Samples or assays comprising metastatic breast cancer or metastatic lung cancer proteins that are treated with a potential activator, inhibitor, or modulator are compared to control samples without the inhibitor, activator, or modulator to examine the extent of inhibition. Control samples (untreated with inhibitors) are assigned a relative protein activity value of 100%. Inhibition of a polypeptide is achieved when the activity value relative to the control is about 80%, preferably 50%, more preferably 25-0%. Activation of a metastatic breast cancer or metastatic lung cancer polypeptide is achieved when the activity value relative to the control (untreated with activators) is 110%, more preferably 150%, more preferably 200-500% (i.e., two to five fold higher relative to the control), more preferably 1000-3000% higher.

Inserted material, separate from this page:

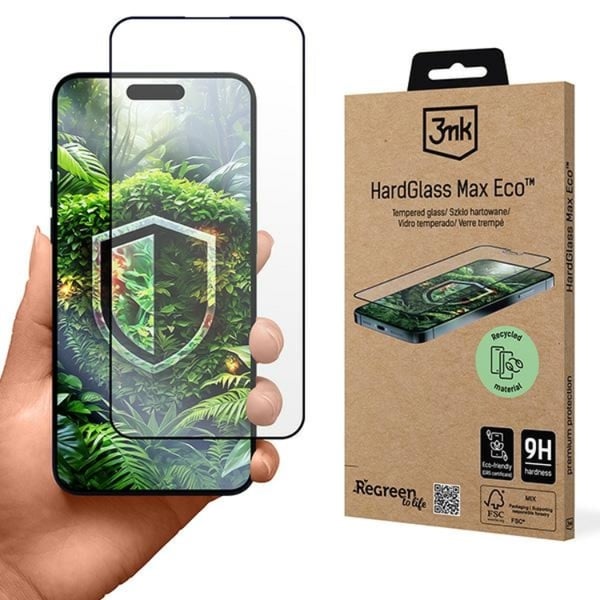 3MK iPhone 16 Pro Max Härdat Glas Skärmskydd Eco Max - Svart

The phrase “changes in cell growth” refers to any change in cell growth and proliferation characteristics in vitro or in vivo, such as formation of foci, anchorage independence, semi-solid or soft agar growth, changes in contact inhibition and density limitation of growth, loss of growth factor or serum requirements, changes in cell morphology, gaining or losing immortalization, gaining or losing tumor specific markers, ability to form or suppress tumors when injected into suitable animal hosts, and/or immortalization of the cell. See, e.g., Freshney, Culture of Animal Cells a Manual of Basic Technique pp. 231-241 (3rd ed. 1994).

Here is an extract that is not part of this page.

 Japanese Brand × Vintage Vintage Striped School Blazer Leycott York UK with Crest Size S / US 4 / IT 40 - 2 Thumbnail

“Tumor cell” refers to precancerous, cancerous, and normal cells in a tumor. “Cancer cells,” “transformed” cells or “transformation” in tissue culture, refers to spontaneous or induced phenotypic changes that do not necessarily involve the uptake of new genetic material. Although transformation can arise from infection with a transforming virus and incorporation of new genomic DNA, or uptake of exogenous DNA, it can also arise spontaneously or following exposure to a carcinogen, thereby mutating an endogenous gene. Transformation is associated with phenotypic changes, such as immortalization of cells, aberrant growth control, nonmorphological changes, and/or malignancy (see, Freshney, Culture of Animal Cells a Manual ofBasic Technique (3rd ed. 1994)).

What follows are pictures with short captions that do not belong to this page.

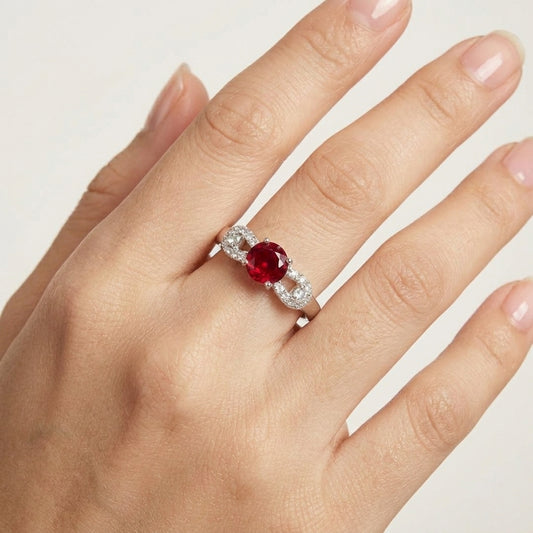 925 Silver Red Radiance Stone Ring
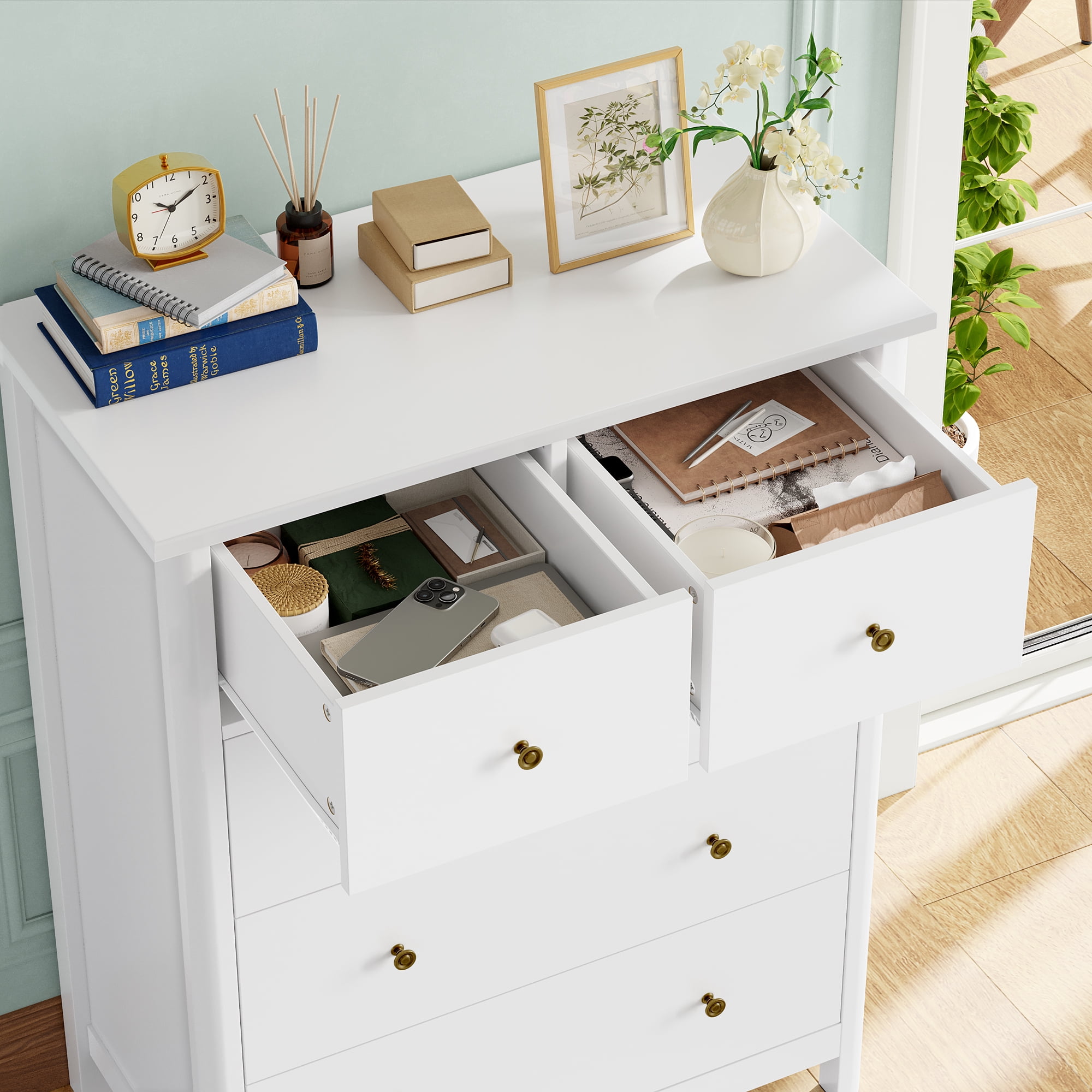 Homfa White Dresser of 5 Drawers, Dresser Chest with Easy Pull Handle for Bedroom, Living Room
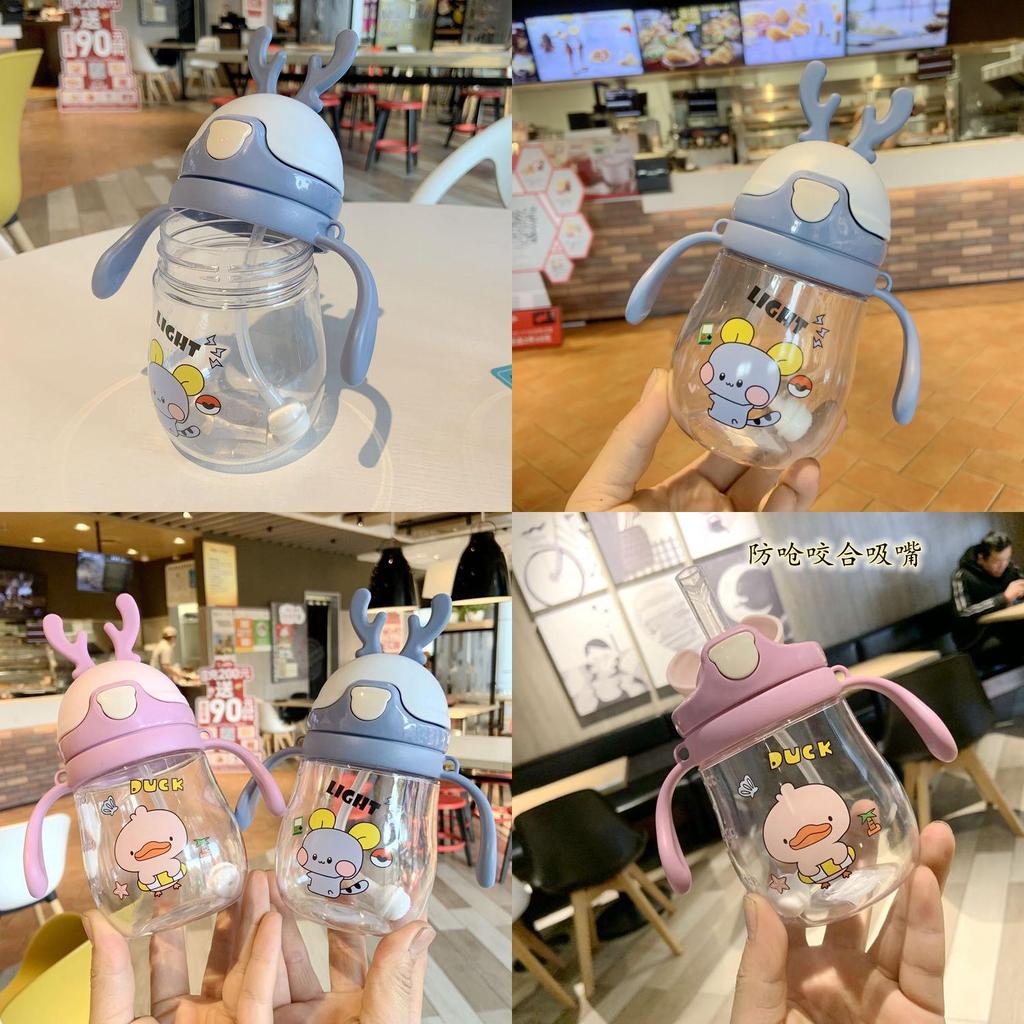 Cartoon Style Children's Drinking Cup With Straw Leak-proof And Durable Ideal For Home And Outdoor Use 370ml)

“Antibody” refers to a polypeptide comprising a framework region from an immunoglobulin gene or fragments thereof that specifically binds and recognizes an antigen. The recognized immunoglobulin genes include the kappa, lambda, alpha, gamma, delta, epsilon, and mu constant region genes, as well as the myriad immunoglobulin variable region genes. Light chains are classified as either kappa or lambda. Heavy chains are classified as gamma, mu, alpha, delta, or epsilon, which in turn define the immunoglobulin classes, IgG, IgM, IgA, IgD and IgE, respectively. Typically, the antigen-binding region of an antibody or its functional equivalent will be most critical in specificity and affinity of binding. See Paul, Fundamental Immunology.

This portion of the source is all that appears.